When close enough… isn’t!

Cartoon-style illustration of a man with a two-tone beard shouting "Context matters, you fuzzy tin can!" while blasting terminology like "Cloud computing" at a confused robot labeled "89%."The RWS Community has always been a great place for me to learn more about the Trados products, especially with regard to how its use is perceived by others, and how the workflows the product was designed for can often be very different to reality.  More recently, since my own role at RWS has changed, I’m somewhat removed from these realities and I also tend to pay less attention to the release notes for the desktop tools than I used to.  But now I’m seeing that the community helps here as well and even triggers renewed interest in parts of the product I’d stopped paying a lot of attention to.

A recent post from Yulia Kovalskaya about fuzzy matches in terminology got me thinking about a topic I’d never thought much about before… fuzzy matching of terms coming from your termbase.  In fact I hadn’t even noticed that the introduction of Trados Studio 2024 introduced improvements in terminology integration between Trados Studio and MultiTerm that are all part of a bigger effort to be able to pave the way for Studio’s integration with third-party terminology solutions… something I’ve long wished to see so that it could become possible for 3rd party developers to improve the terminology solutions available with Trados Studio, and with a deeper integration that could use many of the features that were only available to MultiTerm.  So great to read these four key improvements:

  • The Term Recognition window now displays the fuzzy match score next to each term, providing a clearer indication of the term’s relevance.
  • Terminology Verification has been enhanced to accurately identify and flag duplicate terms within the same segment.
  • Improved handling of source terms in non-Latin languages.
  • Cleaner integration for third-party terminology app providers, allowing for more seamless integration with Trados Studio.

The main one of interest here, mainly because Yulia referred to it and I wasn’t aware of it at all, was the Term Recognition window displaying a fuzzy match score for the terms found in the source segment.  I did reply to the question, but decided it might make a good article to explore a little more as we often talk about translation memory matches, but not terminology… or at least I haven’t!

MultiTerm Matching

The exact mechanism behind how MultiTerm matches terms is a secret, that even if I knew, I’d be shot for sharing!  A cartoon-style image of a man with a two-tone beard dodging a laser blast from an angry robot, while a sheep with a clipboard runs away in the background.So we’ll keep this based around the question that Yulia asked, but expand a little in simple terms to clarify the difference between translation memory matching and terminology matching.

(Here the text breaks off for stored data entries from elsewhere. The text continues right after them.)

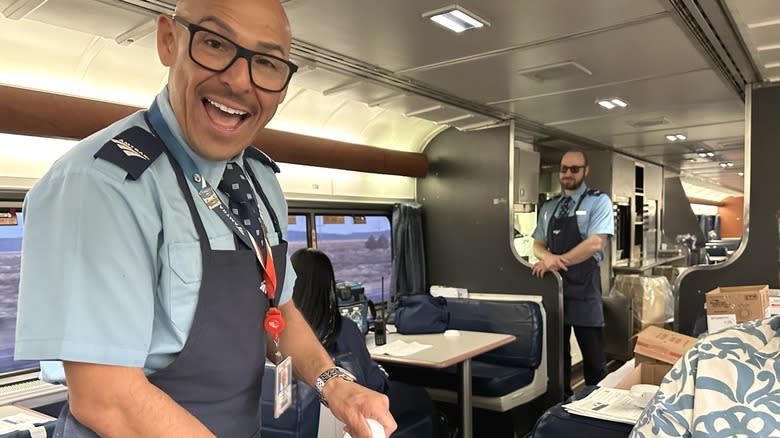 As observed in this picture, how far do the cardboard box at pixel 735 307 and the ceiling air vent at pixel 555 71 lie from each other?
1565 millimetres

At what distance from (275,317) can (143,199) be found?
0.41 metres

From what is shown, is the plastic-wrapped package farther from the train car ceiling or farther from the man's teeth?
the man's teeth

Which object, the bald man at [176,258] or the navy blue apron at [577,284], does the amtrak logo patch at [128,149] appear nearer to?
the bald man at [176,258]

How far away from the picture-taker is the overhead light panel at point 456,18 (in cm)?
256

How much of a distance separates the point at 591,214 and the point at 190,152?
428 cm

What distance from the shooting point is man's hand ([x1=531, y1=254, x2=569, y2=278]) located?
4891 millimetres

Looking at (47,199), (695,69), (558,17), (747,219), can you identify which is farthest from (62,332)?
(747,219)

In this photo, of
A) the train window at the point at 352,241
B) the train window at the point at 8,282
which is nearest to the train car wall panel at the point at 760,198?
the train window at the point at 352,241

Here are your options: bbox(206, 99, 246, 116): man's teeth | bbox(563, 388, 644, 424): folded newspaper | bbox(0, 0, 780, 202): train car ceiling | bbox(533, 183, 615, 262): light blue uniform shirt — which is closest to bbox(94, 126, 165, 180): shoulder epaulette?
bbox(206, 99, 246, 116): man's teeth

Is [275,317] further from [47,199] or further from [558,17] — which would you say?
[558,17]

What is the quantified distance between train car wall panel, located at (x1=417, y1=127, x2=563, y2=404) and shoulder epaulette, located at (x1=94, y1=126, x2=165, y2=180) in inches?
168

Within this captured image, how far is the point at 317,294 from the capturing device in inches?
124

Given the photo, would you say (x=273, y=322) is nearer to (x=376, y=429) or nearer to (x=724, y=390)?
(x=376, y=429)

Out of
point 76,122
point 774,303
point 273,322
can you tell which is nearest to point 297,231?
point 76,122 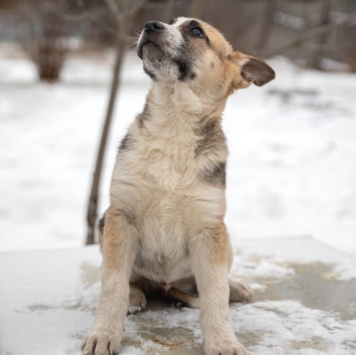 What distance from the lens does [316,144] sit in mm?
8906

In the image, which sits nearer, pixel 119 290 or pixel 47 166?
pixel 119 290

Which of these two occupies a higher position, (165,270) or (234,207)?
(165,270)

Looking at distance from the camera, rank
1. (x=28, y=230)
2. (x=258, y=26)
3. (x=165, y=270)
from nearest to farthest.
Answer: (x=165, y=270), (x=28, y=230), (x=258, y=26)

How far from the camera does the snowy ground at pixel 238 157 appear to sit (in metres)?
6.40

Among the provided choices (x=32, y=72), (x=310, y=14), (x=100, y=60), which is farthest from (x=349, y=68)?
(x=32, y=72)

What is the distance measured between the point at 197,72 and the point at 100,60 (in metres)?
12.8

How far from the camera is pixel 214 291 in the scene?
2512 millimetres

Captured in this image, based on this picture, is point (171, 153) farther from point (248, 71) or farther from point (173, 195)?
point (248, 71)

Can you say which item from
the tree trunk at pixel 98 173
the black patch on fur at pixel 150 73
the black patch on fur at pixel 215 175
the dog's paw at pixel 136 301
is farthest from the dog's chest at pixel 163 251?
the tree trunk at pixel 98 173

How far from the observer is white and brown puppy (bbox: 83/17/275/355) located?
8.17ft

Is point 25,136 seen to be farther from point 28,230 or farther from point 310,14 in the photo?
point 310,14

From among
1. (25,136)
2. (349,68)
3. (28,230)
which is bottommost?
(28,230)

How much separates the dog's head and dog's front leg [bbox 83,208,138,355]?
2.47ft

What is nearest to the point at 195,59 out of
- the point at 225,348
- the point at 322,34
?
the point at 225,348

Translation Memory searching breaks down into two (ignoring the more complex areas of fragment matching) and these would be a normal TM search, and a concordance search.  In some ways a concordance search could be seen as being similar to a terminology search (MultiTerm) but they are not the same and the match values you now see in Trados Studio 2024 could well raise questions similar to the one Yulia asked because of these differences.

TM Segment Matching (Normal TM Search)

This is the standard matching process Trados Studio uses when you move to a new segment during translation.  It compares the entire source segment you’re working on against all stored segments in your translation memory.  The match score is calculated using algorithms like Levenshtein distance, which measures how many edits (insertions, deletions, substitutions) are needed to turn your segment into one that already exists in the TM.

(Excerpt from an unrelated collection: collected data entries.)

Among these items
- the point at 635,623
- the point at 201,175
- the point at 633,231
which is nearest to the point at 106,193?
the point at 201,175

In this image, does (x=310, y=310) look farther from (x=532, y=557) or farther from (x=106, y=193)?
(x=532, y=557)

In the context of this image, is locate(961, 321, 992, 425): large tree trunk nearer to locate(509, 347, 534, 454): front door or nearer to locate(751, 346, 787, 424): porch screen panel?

The result is a fuzzy match score (e.g. 100%, 85%, 70%) that reflects how similar the whole sentence is to previous translations… not just a part of it.  It’s designed for full-sentence reuse, and is less sensitive to the meaning and more focused on structure and word-level similarity.

Example:
A new source segment like “The neural network was trained last year” might return an 80% match against “The neural network was trained in 2020,” because there are only small differences as shown below:

Screenshot of Trados Studio displaying translation memory (TM) matches. Segment #1 in the editor reads: “The neural network was trained last year” and receives an 80% TM match from the entry “The neural network was trained in 2020”, with the Romanian translation “Rețeaua neuronală a fost antrenată în 2020,”. The match is shown in the Translation Results pane.

TM Concordance Search Matching

This works a bit like a TM segment comparison.  Most likely using algorithms similar to those used in full TM matches such as Levenshtein distance (character-level or token-level edit distance).

The fuzzy score tells you how close your selected phrase is to phrases in stored TM segments.  When you select a phrase and run a concordance search, Trados compares that phrase to parts of segments stored in the TM.  It doesn’t penalise for extra words before or after the matched portion because the match is not against the full segment, but rather how closely your selected phrase aligns with a portion of the TM segment.

Example:
Selecting “training the neural network” and running a concordance search on it might yield 75% against “neural network training was completed yesterday”, because the words match, but they are in a different order and missing the word “the“, so the alignment is imperfect as shown below:

Screenshot of a CAT tool showing a concordance search for the phrase “training the neural”. In segment #2 of the main translation window, the phrase “training the neural network” is highlighted. The Concordance Search pane above displays a 75% match against the entry “neural network training was completed yesterday”, whose Romanian translation is “antrenarea rețelei neuronale a fost finalizată ieri”.

MultiTerm Fuzzy Matching

MultiTerm uses a form of fuzzy matching to identify terms in your source segment, even when the match isn’t exact.  No single technique is the standard for this, but a hybrid approach is commonplace.  For example, n-gram matching for scalability and flexibility, layered with edit distance for precision, and token heuristics for real-world robustness, all optimized via indexing.  The goal being to determine how closely a given term resembles a portion of the source text, based on several linguistic and structural factors.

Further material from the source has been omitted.